I think Jerry Fischer was trying to do something to get the CITES rules changed. I don't know where that effort stands.


----------



## cnycharles (Oct 22, 2009)

Gcroz said:


> Amen on the Twitter comment. I don't mean to incite anything that would be considered dangerous to anyone. However old the news is, it is relevant as it shows that it is a problem unrelated to what party is in power. If change is ever to come, lively debate, is necessary.
> 
> Sorry I wasted anyones time.



I don't think you've wasted anyone's time, my comments above were directed 'outwards' towards the general powers that be and the situation, and shouldn't be thought of as towards your posting here. ...i'm not sure why you said the above so I'm just explaining my part


----------



## Eric Muehlbauer (Oct 22, 2009)

I've discussed George's situation enough times here...the guy got screwed, sure enough.
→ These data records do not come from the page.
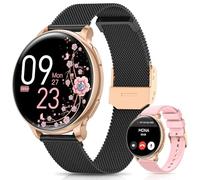 NAIXUES Women's Smartwatch, 1.27 Inch HD Smartwatch with Bluetooth 5.3 Calls, Female Physiology, 24H Heart Rate, SpO2, Sleep, 70+ Sports, IP68 Notifications Messages iOS Android Gold Black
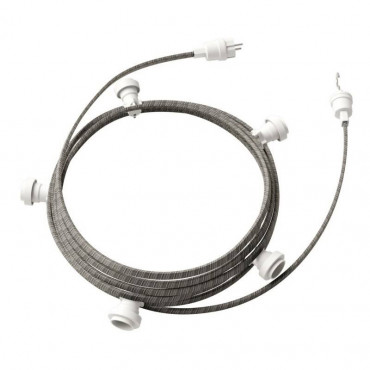 Guirlande Extérieure Lumet System 7.5m avec 5 Douilles E27 Blanche Creative-Cables CATE27B075 Blanc / Gris
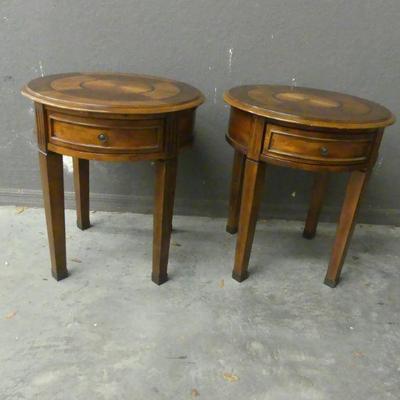 Pair of Cherry Stain Finish Round End Tables with Inlay Wood Top
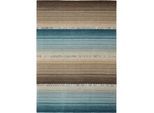 Cazaris Orientteppich , Blau, Grau , Textil , Streifen , rechteckig , 70x140 cm , für Fußbodenheizung geeignet , Teppiche Und Böden, Teppiche, Orientteppiche
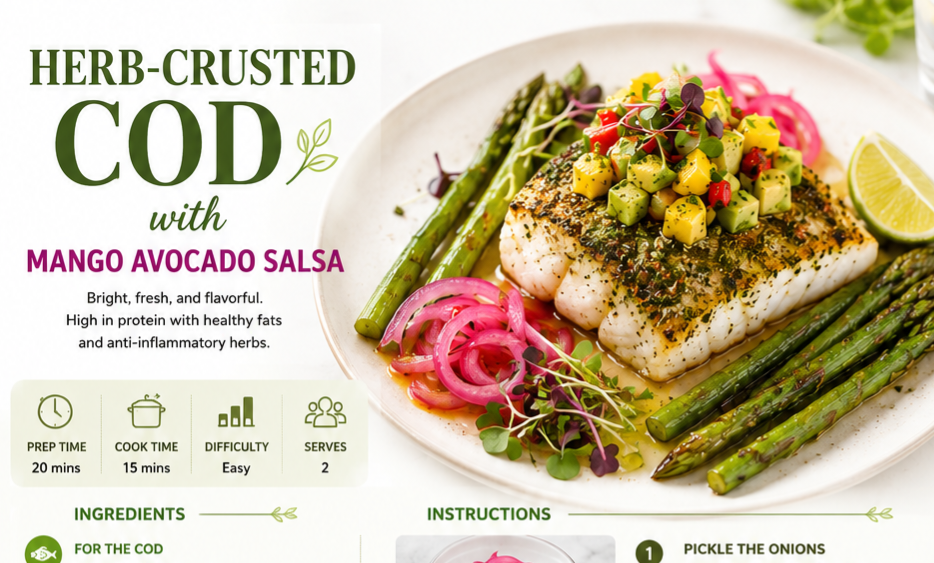 Herb-Crusted Baked Cod with Mango Avocado Salsa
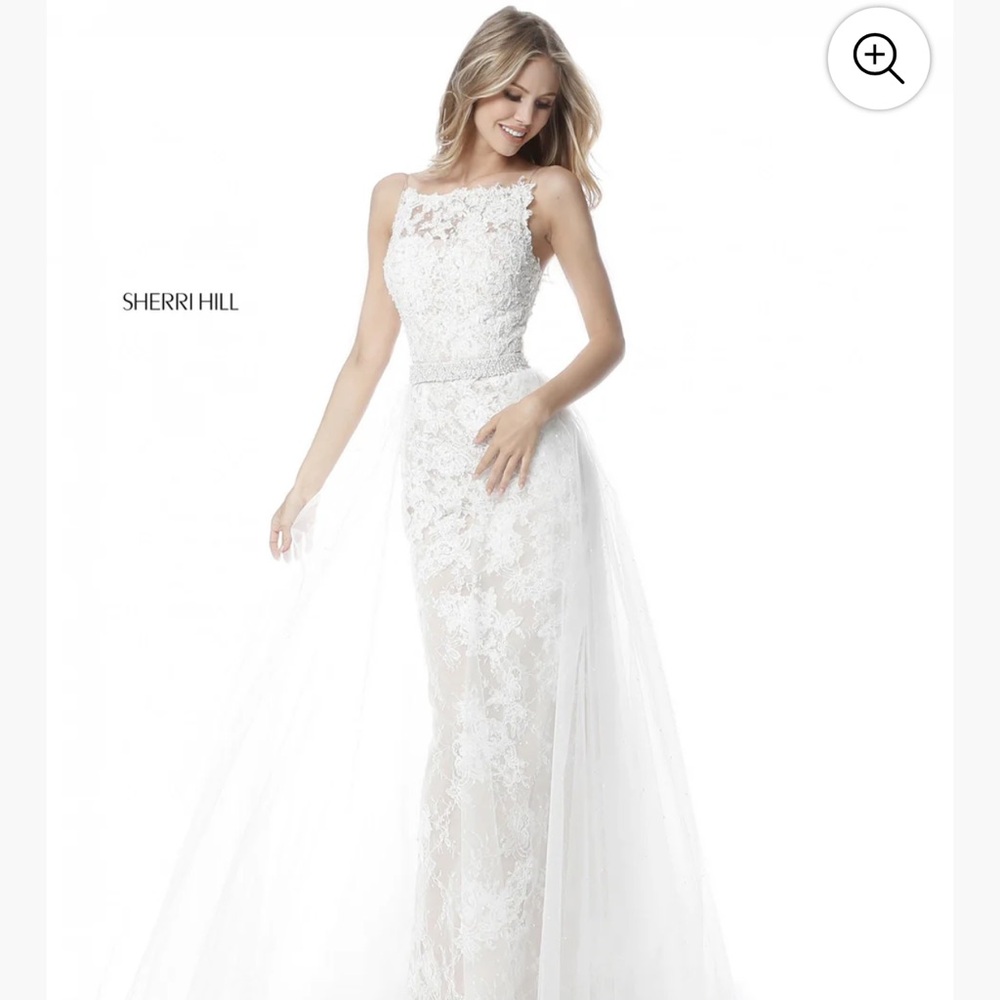 Sherri Hill Light Blue Lace Gown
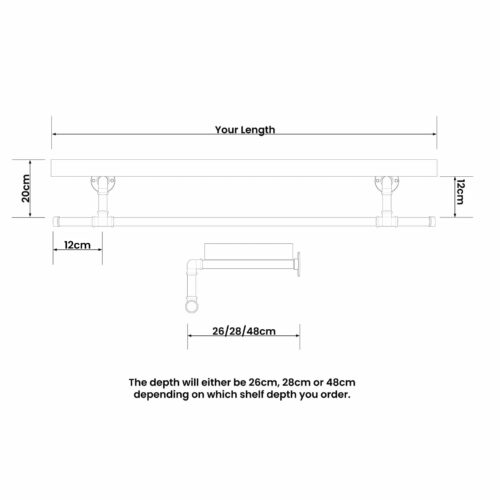 Tee Clothes Rail With Solid Wooden Shelf-Manual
But also keep in mind that part of the reason for the severity of the sentence was that George refused to cut a deal. They wanted him to say everything he knew about other importers who were doing far more serious things, but he refused to say anything.


----------



## Lanmark (Nov 6, 2009)

Hey Gcroz, I'm in agreement with what cnycharles said a couple of posts above me: I don't think you've wasted anyone's time. This may be old news, but it's still relevant today.


----------